# Transparente Kreis



## Mahene2 (16. Juli 2009)

Hi,
ich möchte für einen Preloader einen Kreis erstellen der sich dreht und von Sichtbar in unsichtbar verläuft. Das drehen usw. ist kein Problem, nur das erstellen des Kreises schon.
So in der Art sollte er aussehen http://images.recen-design.de/preloader.png, wie mache ich so einen Verlauf?


----------



## akrite (16. Juli 2009)

...ist eigentlich Flash und google bietet mit dem ersten Link folgendes Tutorial !


----------



## smileyml (16. Juli 2009)

Hallo Mahene2,

willkommen im Forum. Ich denke ich habe eine Lösung:
1. Den Ring mit z.B. Pfaden erstellen.
2. Ebenenstil->Verlaufsüberlagerung
3. Art->Winkel (mit der Gradeinstellung kannst du die Startposition bestimmen)
4. Verlauf derart ändern das er nicht am Ende erst in Schwarz ausläuft, sondern entsprechend eher (dadurch kannst du Start und Ende voneinander entfernen)

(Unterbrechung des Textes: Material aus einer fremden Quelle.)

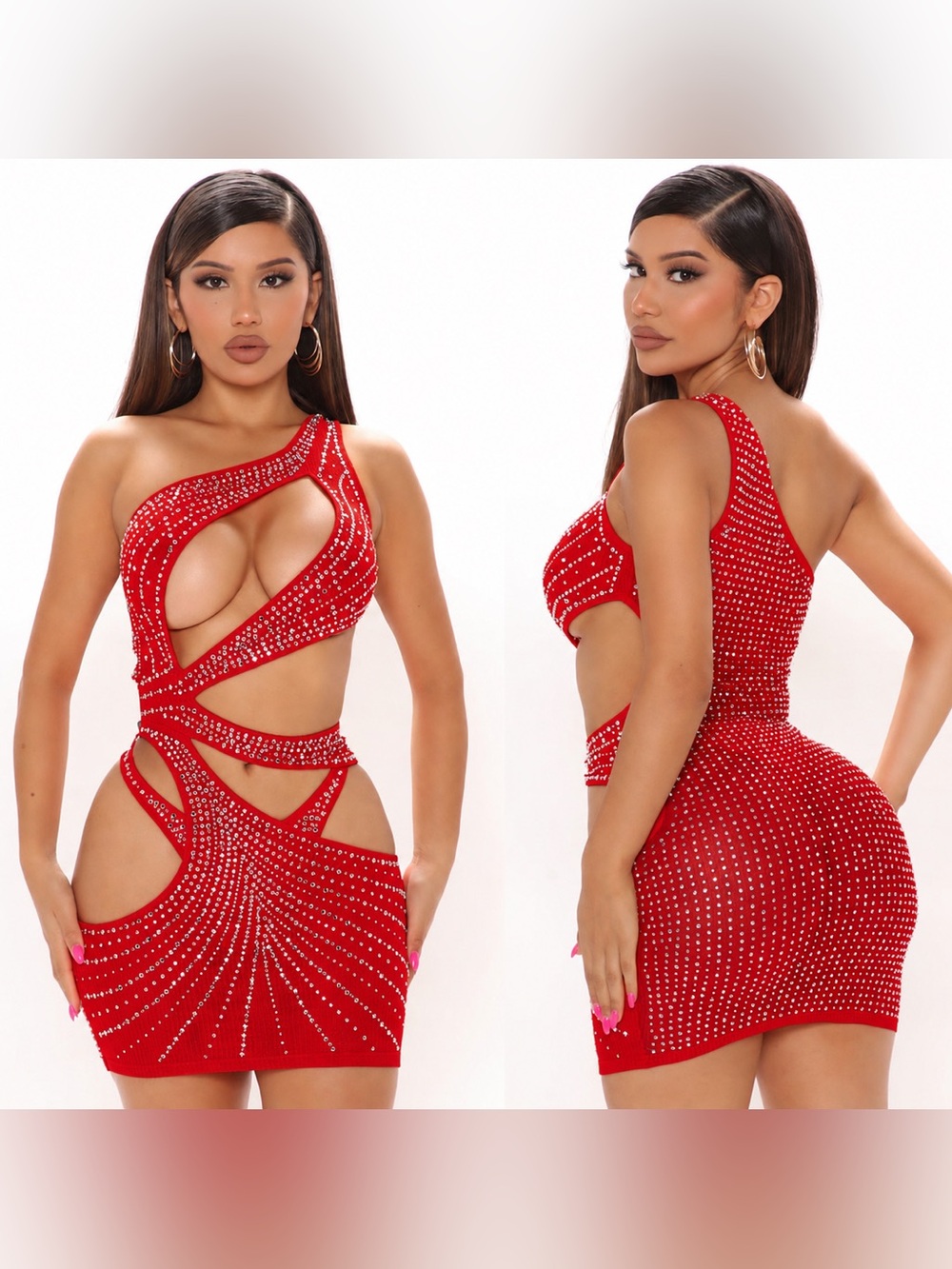 Fashion Nova | Red Rhinestone Mesh Cutout Mini Dress & Thong Set | NWOT | M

Bei mir entsprach das Ergebnis dann deinem Link 

Grüße Marco


----------



## Martin Schaefer (16. Juli 2009)

Du kannst beim Verlaufswerkzeug erstens einen Verlauf von einer Farbe (z.B. Rot) nach transparent machen, vielleicht kennst du das sogar schon. Wenn du jetzt keinen linearen oder radialen Verlauf, sondern einen Winkelverlauf machst, dann hast du genau diesen Effekt.
Kann man alles in den Werkzeugoptionen einstellen.

Gruß
Martin


----------



## Mahene2 (17. Juli 2009)

Ich habe es zwar hinbekommen, aber irgendwie laufen die nicht so richtig rund, die wackeln ein wenig. 
http://images.recen-design.de/test.swf
Kann man das irgendwie noch weg machen, in dem man die Kreise und den Verlauf mit Flash erstellt oder so? Denn die Schriftarten in Flash sind immer extrem scharf.


----------



## Mahene2 (21. Juli 2009)

Und? Was meint Ihr, geht das oder geht das nicht?


----------



## Alexander Groß (21. Juli 2009)

Hallo,

ich finde das wackeln sogar gut. Immer die perfekten Sachen sind auf die Dauer auch nicht das Wahre.


Alex


----------